Required work>
Find "2 Pcs Door Side" and "Quadro Madeira Baguá de 12cm - Mandala de luz Menor" in the records below. Copy the lines holding them and every line between, exactly, and no others.

Data to process>

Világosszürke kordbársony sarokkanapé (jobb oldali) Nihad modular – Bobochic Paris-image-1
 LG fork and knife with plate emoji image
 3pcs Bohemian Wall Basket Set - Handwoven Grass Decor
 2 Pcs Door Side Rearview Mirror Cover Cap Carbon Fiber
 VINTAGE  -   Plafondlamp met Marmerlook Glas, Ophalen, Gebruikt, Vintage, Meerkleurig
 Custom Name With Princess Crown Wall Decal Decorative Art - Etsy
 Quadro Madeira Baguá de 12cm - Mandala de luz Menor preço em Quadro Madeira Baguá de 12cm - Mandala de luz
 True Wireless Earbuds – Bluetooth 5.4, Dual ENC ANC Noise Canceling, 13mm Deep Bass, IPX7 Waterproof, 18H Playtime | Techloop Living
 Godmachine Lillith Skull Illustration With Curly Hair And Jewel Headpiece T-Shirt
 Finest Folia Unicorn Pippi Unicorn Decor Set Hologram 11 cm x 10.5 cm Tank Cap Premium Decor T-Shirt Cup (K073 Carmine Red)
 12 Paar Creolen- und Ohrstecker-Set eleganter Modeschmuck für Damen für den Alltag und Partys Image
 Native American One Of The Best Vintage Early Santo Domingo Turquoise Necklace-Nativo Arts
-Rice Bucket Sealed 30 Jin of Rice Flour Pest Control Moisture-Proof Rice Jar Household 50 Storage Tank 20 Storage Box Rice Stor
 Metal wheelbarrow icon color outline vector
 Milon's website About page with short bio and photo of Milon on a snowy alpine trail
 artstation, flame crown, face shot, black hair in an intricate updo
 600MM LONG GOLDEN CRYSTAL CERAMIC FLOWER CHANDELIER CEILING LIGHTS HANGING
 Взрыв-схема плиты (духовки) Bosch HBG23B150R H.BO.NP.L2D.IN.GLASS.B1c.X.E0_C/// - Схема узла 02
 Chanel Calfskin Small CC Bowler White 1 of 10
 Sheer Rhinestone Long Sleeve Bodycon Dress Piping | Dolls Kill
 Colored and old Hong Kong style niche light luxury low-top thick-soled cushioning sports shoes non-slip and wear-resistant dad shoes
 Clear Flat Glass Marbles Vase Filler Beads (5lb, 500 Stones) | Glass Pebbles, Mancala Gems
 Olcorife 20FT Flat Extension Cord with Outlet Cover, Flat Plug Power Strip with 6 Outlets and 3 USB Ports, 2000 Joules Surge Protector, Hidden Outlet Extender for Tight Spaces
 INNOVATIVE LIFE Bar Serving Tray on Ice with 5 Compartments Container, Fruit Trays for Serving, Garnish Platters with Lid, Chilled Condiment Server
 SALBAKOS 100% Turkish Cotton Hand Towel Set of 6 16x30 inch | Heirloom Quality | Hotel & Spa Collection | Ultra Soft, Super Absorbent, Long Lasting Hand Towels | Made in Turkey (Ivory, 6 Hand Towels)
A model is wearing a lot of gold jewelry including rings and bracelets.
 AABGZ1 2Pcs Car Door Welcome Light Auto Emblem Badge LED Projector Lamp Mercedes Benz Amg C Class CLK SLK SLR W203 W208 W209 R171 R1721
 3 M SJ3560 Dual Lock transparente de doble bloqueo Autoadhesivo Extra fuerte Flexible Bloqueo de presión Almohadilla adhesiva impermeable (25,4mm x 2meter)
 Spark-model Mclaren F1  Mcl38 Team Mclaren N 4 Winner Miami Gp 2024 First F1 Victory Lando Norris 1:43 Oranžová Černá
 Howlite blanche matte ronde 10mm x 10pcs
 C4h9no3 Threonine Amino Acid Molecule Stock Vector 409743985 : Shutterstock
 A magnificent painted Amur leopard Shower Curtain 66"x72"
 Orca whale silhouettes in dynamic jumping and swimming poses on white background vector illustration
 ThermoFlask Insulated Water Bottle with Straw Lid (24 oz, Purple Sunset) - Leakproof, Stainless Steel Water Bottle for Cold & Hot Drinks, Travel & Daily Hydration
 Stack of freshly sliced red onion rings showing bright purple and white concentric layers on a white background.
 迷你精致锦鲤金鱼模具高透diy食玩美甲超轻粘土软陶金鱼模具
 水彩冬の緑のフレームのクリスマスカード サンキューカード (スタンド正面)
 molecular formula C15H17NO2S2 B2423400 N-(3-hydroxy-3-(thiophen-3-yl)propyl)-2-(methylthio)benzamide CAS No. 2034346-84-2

Output for this exercise>
 2 Pcs Door Side Rearview Mirror Cover Cap Carbon Fiber
 VINTAGE  -   Plafondlamp met Marmerlook Glas, Ophalen, Gebruikt, Vintage, Meerkleurig
 Custom Name With Princess Crown Wall Decal Decorative Art - Etsy
 Quadro Madeira Baguá de 12cm - Mandala de luz Menor preço em Quadro Madeira Baguá de 12cm - Mandala de luz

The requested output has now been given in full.